Your instinct is right - it's quite long. It can be implemented with much fewer lines of code, especially in Python. A solution from @RomanPerekhrest highlights it quite well.

is this the efficient solution?

From the time complexity prospective, it's not an efficient solution. It's O(n2), where n - number of binary digits in your number. Why? Because in your outer loop, you process each digit one by one regardless of the results in your inner loop. So, if your inner loop finds a segment of ones you don't move ì and index to a bit position following this segment. Instead, you pick a second bit in this segment and find the same segment without the first bit again.

For instance, let's say we have a number which binary representation is 111110. Then your algorithm will find the following segments of ones:

11111  | 4 inner loop steps
 1111  | 3 inner loop steps
  111  | 2 inner loop steps
   11  | 1 inner loop steps
    1  | 0 inner loop steps

An optimal solution has a O(n) time complexity.
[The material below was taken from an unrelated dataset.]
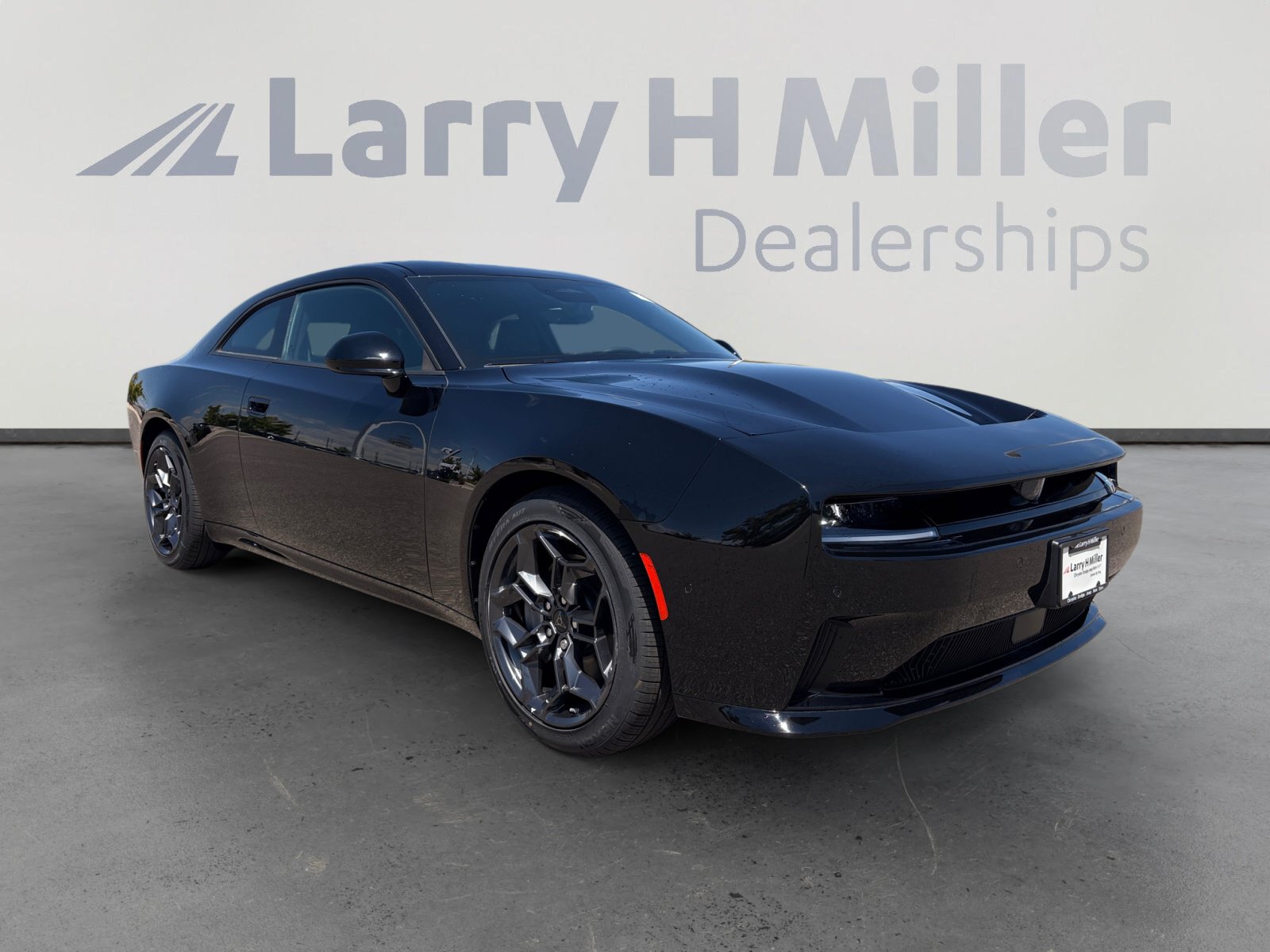 New 2025 Dodge Charger Daytona R/T w/ Quick Order Package 25M R/T AWD/4WD image 8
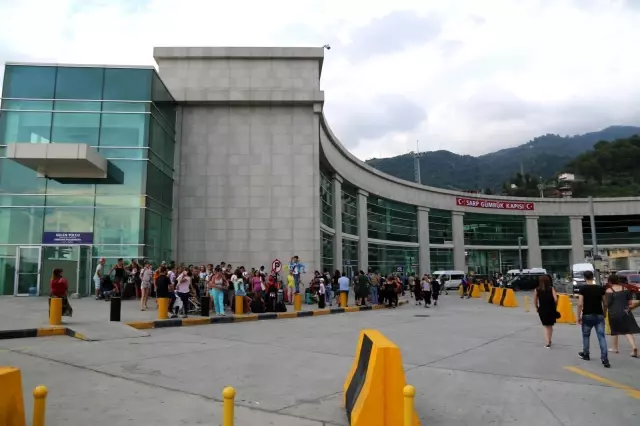 Gürcistan turistlere kapılarını 1 Haziran'da açıyor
I'll leave it up to you to update your code based on the explanation above.

Bonus

I noticed that each answer uses bin() to calculate the longest segment of ones. However, it's not really needed since this approach has an additional O(n) space complexity (as you recall it from the previous paragraph, n - number of binary digits).
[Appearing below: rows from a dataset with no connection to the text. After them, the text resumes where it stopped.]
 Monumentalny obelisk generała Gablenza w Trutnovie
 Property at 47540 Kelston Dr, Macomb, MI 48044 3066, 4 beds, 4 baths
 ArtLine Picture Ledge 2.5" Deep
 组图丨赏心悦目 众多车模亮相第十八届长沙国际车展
We could just use bitwise operators to achieve the same result. For example, let's say there's a number 1100011101. It has 3 separate segments of ones: Now, let's play a bit - we will calculate a left shifted version of x and then perform bitwise AND on it. Then, for the shifted version we will calculate its left shifted number and so on.

1 1 0 0 0 1 1 1 0 1 0  (x)
         &
1 0 0 0 1 1 1 0 1 0 0  (x << 1)
---------------------
1 0 0 0 0 1 1 0 0 0 0  y = ((x) & (x << 1))


1 0 0 0 0 1 1 0 0 0 0  (y)
         & 
0 0 0 0 1 1 0 0 0 0 0  (y << 1)
---------------------
0 0 0 0 0 1 0 0 0 0 0  z = ((y) & (y << 1))


0 0 0 0 0 1 0 0 0 0 0  (z)
         & 
0 0 0 0 1 0 0 0 0 0 0  (z << 1)
---------------------
0 0 0 0 0 0 0 0 0 0 0  ((z) & (z << 1))

So, as you can see it took us 3 steps to reach 0. But 3 is also the length of the longest segment of ones. And it's not a coincidence because bitwise AND of a number and its shifted version shortens each segment of ones by 1. Hence, the longest segment will lose all its ones after < length of the longest segment of ones > steps.

Code

def find_max_ones(number):
    maxLength = 0

    while number > 0:
        left_shifted_number = number << 1
        number = number & left_shifted_number
        maxLength += 1

    return maxLength


if __name__ == '__main__':
    number = int(input('Enter integer number:'))
    max_ones = find_max_ones(number)

    print("Length of the longest segment is ", str(max_ones))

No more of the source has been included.